Two sides of policing
Monday 12th February 2018 (7.21pm)
I had a bit of a strange feeling driving to the pool this morning. I was stuck in traffic and a police car was right behind me. As I looked in my rear view mirror I noticed two PCs and many thoughts quickly spun through my mind. Response officers or NPT? Where were the going? Enquiries? Calls? What would they face today?
My day seemed easy in comparison. My day was planned with a swim and a bike session. I knew I would have a coffee shop stop at some point and have a walk with Olly. Apart from that, my day involved very little decision making, no pressure and no stress. I would not encounter incidents of violence, death and vulnerability. I would return home and not rerun what I have seen and how I have dealt with incidents in my head. Did I do everything I could for that victim? Did I put all safety measures in place? Did I submit the relevant paperwork? Were my incident updates good enough to avoid scrutiny? How is that person that I conveyed for assessment at the mental health unit? What does the future hold for the child with non accidental bruising? As a supervisor, how are my staff? what is motivation like? Am I missing something? What are my resources like for tomorrow?

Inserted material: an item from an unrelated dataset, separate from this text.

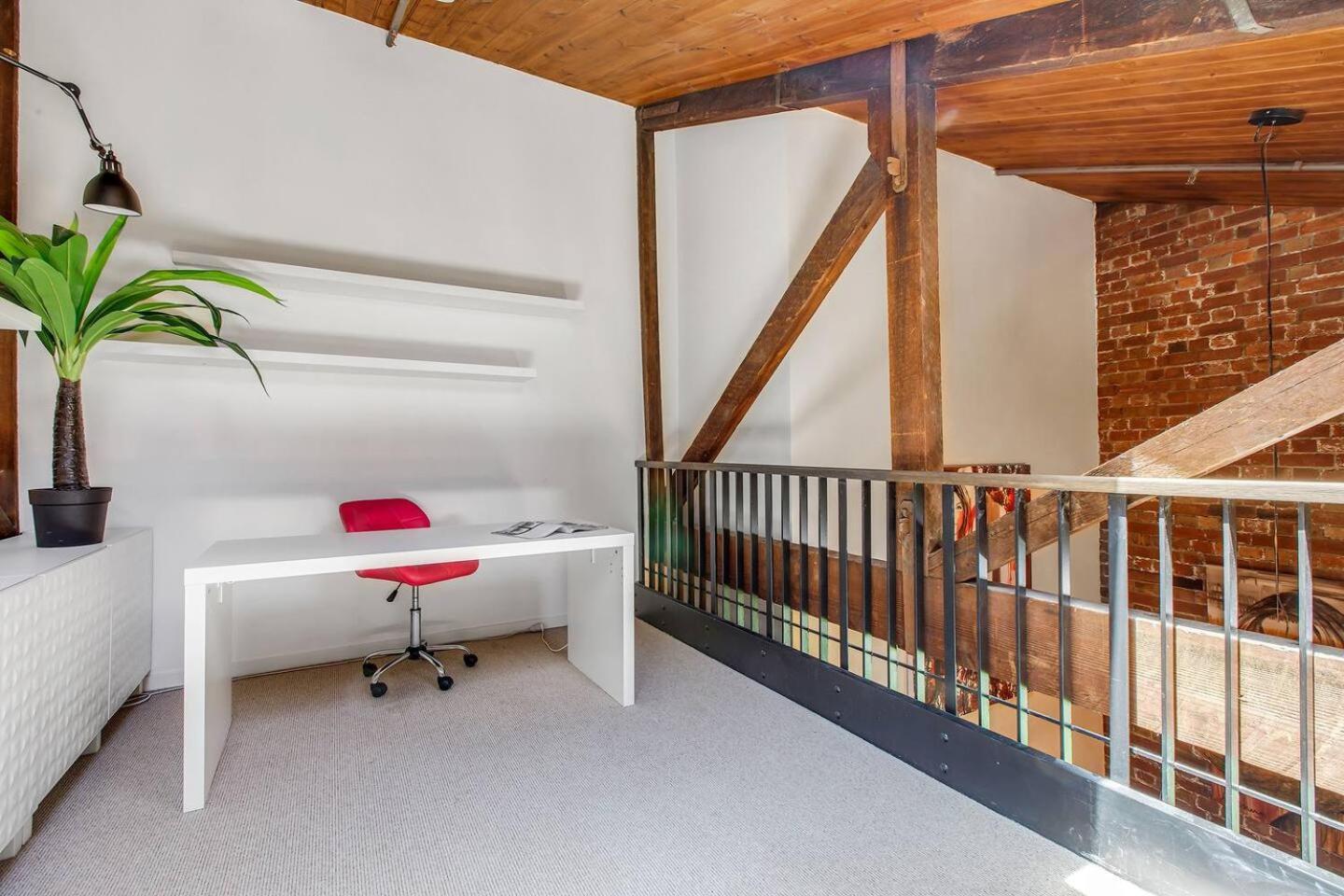 Ultra-chic Floor New York Style Loft * Melbourne
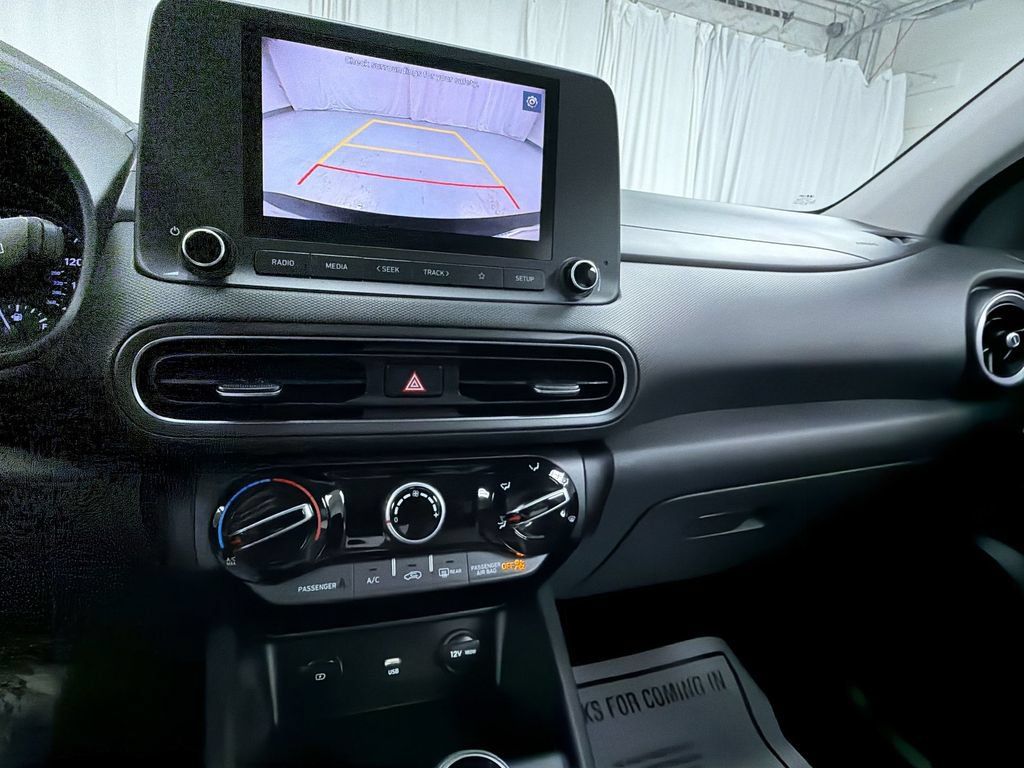 Used 2023 Hyundai Kona SE w/ Cargo Package AWD/4WD image 25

I then remembered the team I worked with in Cardiff Central and the picture shown popped into my head. All of a sudden I started laughing to myself. This was taken in July 2012. I had just retuned from my honeymoon and I was happy. I loved my team, I was enjoying my job. At this point I was sill a PC, I was to be promoted to Sergeant at the end of the year. Whilst patrolling the city centre in the police van I spotted Jamie Roberts, the Welsh rugby legend. I have no idea how, but I ended up jumping out of the van and asking him for a picture. My male colleague, who is a massive rugby fan looked mortified but he laughed with his head in his hands. It was just one of those funny moments, just one of the many that we had. As a team we were good, we worked hard, we locked people up and we looked after the vulnerable. We got results. The role of the PC is the best in the job and as I continued on my journey smiling, I knew I was doing so with a sense of sadness.